→ What is expected: Apart from pictures, transcribe exactly each line from the one containing "Herr Karl Herrmann" through the final line of the listing below.

→ Exercise data:
== Segment start ==

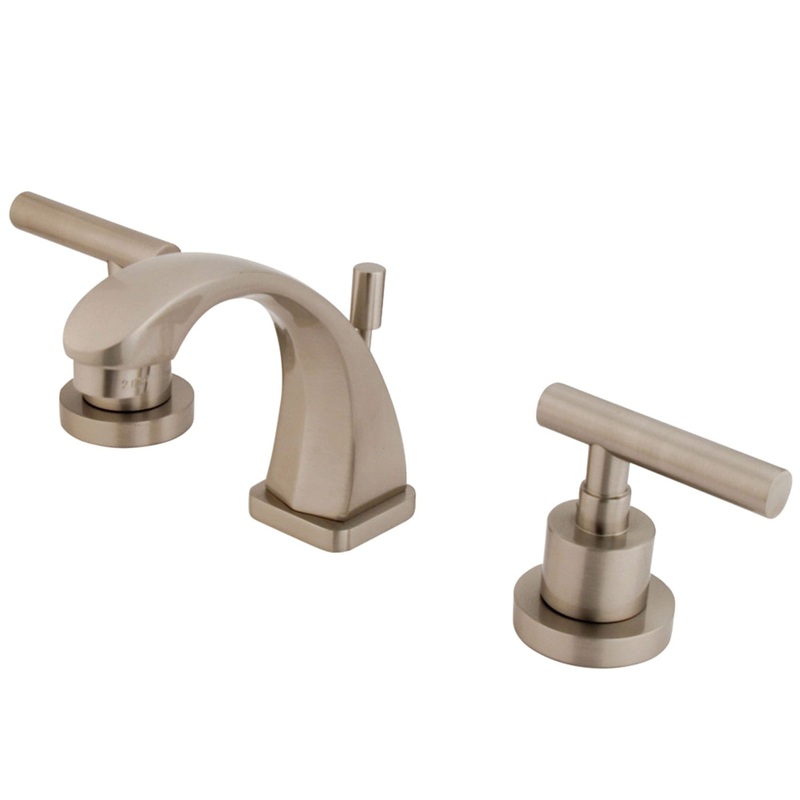 Kingston Brass KS4948CML Manhattan 8 in. Widespread Bathroom Faucet, Brushed Nickel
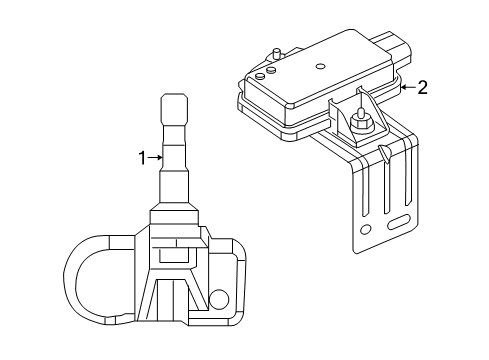 2023 Jeep Wrangler Tire Pressure Monitoring Diagram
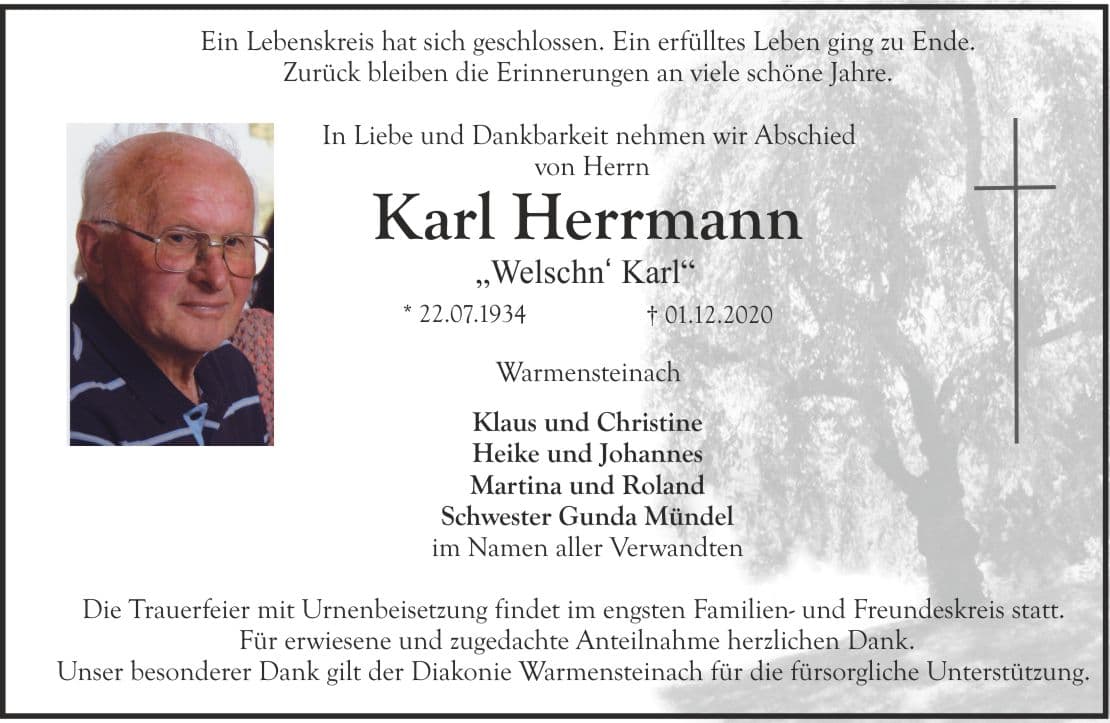 Herr Karl Herrmann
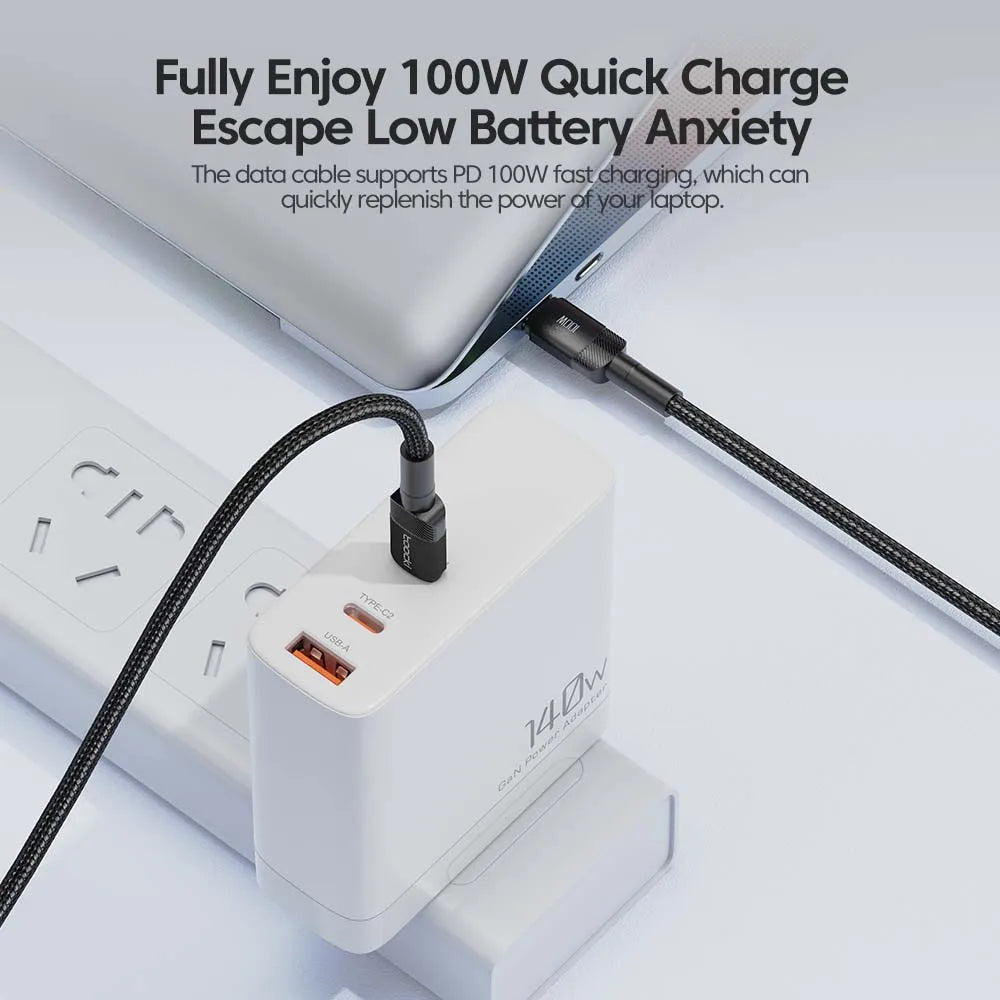 Toocki 100W Quick Charge 4.0 Fast Charging Type C to Type C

== Segment end ==

→ Exercise output:
 Herr Karl Herrmann
 Toocki 100W Quick Charge 4.0 Fast Charging Type C to Type C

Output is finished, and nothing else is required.